Alaska just keeps me going back every year. This year I took my girlfriend with me. When we first got to Anchorage, she was saying things like, "It sure is a long flight" and "Its so far". By the second day she was saying things like,"If we ever come back". By the fourth day, it was "When we come back". Needless to say, by the end of the trip it was, "Next year, we are coming near the end of July and staying longer than 10 days".

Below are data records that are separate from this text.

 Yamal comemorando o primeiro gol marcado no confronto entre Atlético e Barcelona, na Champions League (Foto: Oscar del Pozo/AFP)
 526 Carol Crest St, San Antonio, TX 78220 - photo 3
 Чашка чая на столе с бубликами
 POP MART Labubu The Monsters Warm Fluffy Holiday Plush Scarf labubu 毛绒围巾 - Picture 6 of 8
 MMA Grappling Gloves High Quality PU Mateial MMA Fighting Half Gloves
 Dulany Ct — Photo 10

I shot these with a Cannon EOS 20D digital SLR. With most of them I used a 75-300mm image stabilized Cannon zoom lens. A couple were shot with an Olympus C7000.


----------



## chicapesca (Jun 7, 2004)

*Beautiful pics Frank*

I like the ones with the fog on the water. What were the guys in the boats fishing for? It seems like there were a lot of boats out there.


----------



## Frank (Jun 1, 2004)

We were fishing for King Salmon on the Kenai River. The conditions there are usually pretty crowded when the Kings are running. Amazingly though, the guides hold up their big dip nets when a fish is on. Everyone close by reels up and gives them room. It all works because everyone is either drifting down river or using their motor to just hover in one spot. You can hear the cell phones ringing when ever someone hooks a fish and when it gets slow and the fish are in an other part of the river the phones ring and everyone goes to where they are biting. It is fun to do once, but I would rather fish for the kings offshore. The meat is better on a fish from salt water and it is much less crowded.


----------



## GinMan (Jan 29, 2005)

One of these days..........


----------



## Fishaholic (Jan 9, 2005)

Did you go Halibut fishing at all. I went to Alaska about 4 years ago we fished the kenai for kings and Cohos. It was a blast. I personally liked Halibut fishing better. Just the thought of a Monster fish that looks like the granddaddy of all flounder gets me excited.


----------



## Frank (Jun 1, 2004)

You mean like these. I have threatened many a times to ship back a 40-50 lb Halibutt and then put him in an ice chest. Next I would go to Matagorda and anchor near the swing bridge. When ever anyone would go by and ask if I was having any luck, I would lift him out of the ice chest. I can just imagine the look on their faces. A 50 lb Butt is about the size of the three hanging. They were all between 50-55 lbs


----------



## pelican (May 22, 2004)

Nice pics, frank ... Alaska is just too awesome for words.


----------



## Redfishr (Jul 26, 2004)

Nice, I've got to go there.


----------